Jansems lebenslange Spannung zwischen seinen armenischen Wurzeln und seiner französischen Wahlheimat prägte sein Selbstverständnis. Die Erfahrung der Diaspora und das Leben zwischen zwei Kulturen prägten sein Selbstverständnis. Als Künstler mit armenischen Wurzeln in Frankreich bewegte er sich zeitlebens zwischen verschiedenen Welten. Diese Erfahrung der Entwurzelung teilte er mit vielen Überlebenden des Völkermords und ihren Nachkommen. In seinem Werk wird sie zu einer existentiellen Metapher für die menschliche Condition – ein Thema, das weit über den armenischen Kontext hinausweist.

Seine internationale Anerkennung manifestierte sich in zahlreichen Auszeichnungen, darunter der Prix Populiste (1951), der Prix Antral (1953), die Aufnahme in die französische Ehrenlegion (2003) und der Ehrenorden Armeniens (2010). Dennoch blieb er in gewisser Weise ein Außenseiter des Kunstbetriebs – zu eigenständig für eindeutige Kategorisierungen, zu tiefgründig für oberflächliche Rezeption.

Ein universelles Vermächtnis

Als Jean Jansem am 27. August 2013 in Clamart bei Paris starb, hinterließ er ein Werk, das weit über nationale oder historische Grenzen hinausreicht.
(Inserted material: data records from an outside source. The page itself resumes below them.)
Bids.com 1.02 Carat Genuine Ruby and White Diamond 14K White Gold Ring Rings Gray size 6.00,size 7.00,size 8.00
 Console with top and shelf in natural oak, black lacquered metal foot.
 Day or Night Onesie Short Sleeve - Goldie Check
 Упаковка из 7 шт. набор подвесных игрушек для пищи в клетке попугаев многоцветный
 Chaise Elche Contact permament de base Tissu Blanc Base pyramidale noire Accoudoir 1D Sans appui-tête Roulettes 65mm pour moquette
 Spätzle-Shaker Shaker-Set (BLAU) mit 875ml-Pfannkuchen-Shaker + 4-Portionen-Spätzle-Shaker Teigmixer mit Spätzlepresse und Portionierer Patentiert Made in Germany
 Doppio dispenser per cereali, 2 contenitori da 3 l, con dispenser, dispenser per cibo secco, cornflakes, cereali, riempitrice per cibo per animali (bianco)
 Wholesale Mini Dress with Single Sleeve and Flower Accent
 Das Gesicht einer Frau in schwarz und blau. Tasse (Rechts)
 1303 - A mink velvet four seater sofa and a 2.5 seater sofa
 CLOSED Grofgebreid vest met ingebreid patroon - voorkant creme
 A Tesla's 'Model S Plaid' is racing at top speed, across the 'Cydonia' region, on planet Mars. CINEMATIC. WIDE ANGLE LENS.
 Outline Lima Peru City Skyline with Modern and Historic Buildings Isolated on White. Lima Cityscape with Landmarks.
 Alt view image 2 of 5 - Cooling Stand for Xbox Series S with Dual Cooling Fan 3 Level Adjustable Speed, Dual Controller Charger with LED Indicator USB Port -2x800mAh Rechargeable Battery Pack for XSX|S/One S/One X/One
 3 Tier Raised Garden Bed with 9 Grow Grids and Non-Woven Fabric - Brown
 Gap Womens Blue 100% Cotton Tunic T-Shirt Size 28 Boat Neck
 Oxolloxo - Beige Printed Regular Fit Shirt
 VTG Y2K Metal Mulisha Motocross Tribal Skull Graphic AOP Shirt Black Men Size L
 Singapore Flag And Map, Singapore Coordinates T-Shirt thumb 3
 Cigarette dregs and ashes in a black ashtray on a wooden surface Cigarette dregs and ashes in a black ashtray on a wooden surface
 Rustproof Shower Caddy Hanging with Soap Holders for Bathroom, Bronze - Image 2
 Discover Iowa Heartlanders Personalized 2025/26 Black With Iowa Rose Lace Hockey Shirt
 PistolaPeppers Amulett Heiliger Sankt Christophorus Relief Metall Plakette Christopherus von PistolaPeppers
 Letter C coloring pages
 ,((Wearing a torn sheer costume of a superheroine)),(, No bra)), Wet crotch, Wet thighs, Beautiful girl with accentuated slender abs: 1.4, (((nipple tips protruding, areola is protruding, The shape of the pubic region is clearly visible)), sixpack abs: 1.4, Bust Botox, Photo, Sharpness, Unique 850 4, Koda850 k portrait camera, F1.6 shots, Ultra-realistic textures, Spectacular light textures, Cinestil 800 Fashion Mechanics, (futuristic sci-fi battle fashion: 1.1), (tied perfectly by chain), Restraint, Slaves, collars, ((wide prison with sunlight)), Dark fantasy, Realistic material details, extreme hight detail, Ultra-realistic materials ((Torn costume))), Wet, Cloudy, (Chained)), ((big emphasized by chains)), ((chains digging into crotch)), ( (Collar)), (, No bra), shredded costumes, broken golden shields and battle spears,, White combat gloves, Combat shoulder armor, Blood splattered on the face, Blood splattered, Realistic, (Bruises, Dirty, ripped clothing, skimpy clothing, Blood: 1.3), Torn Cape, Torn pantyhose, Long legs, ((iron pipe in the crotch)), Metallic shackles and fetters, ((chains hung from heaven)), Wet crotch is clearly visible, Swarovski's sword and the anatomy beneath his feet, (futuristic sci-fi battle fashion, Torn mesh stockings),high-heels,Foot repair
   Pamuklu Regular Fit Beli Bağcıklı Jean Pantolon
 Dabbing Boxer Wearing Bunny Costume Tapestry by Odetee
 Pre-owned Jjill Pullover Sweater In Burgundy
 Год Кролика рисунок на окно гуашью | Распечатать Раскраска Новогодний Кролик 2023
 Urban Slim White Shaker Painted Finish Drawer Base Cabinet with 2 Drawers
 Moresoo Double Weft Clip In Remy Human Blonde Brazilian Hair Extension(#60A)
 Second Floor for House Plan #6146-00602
Seine „Massacres„-Serie ist mehr als eine künstlerische Aufarbeitung des armenischen Völkermords – sie ist eine universelle Reflexion über menschliches Leid, Erinnerung und Transzendenz. In einer Zeit, in der die Relativierung historischer Verbrechen wieder zunimmt, erinnern uns Jansems Gemälde an die ethische Dimension der Kunst.

Jansems künstlerisches Schaffen lässt sich als ein fortwährendes Bezeugen verstehen – eine Transformation persönlicher und kollektiver Geschichte in eine universelle visuelle Sprache. In diesem Sinne hat er seiner armenischen Herkunft, seiner französischen Wahlheimat und der Weltkunst ein unschätzbares Geschenk hinterlassen – Bilder, die das Unaussprechliche in eine Sprache übersetzen, die jenseits aller Worte verstanden werden kann. Seine Kunst überwindet das Paradoxon des Gedenkens: Sie macht das Vergangene gegenwärtig, ohne seine Fremdheit zu leugnen, und verwandelt persönliches Trauma in kollektive Erinnerung, ohne seine Intimität zu verletzen.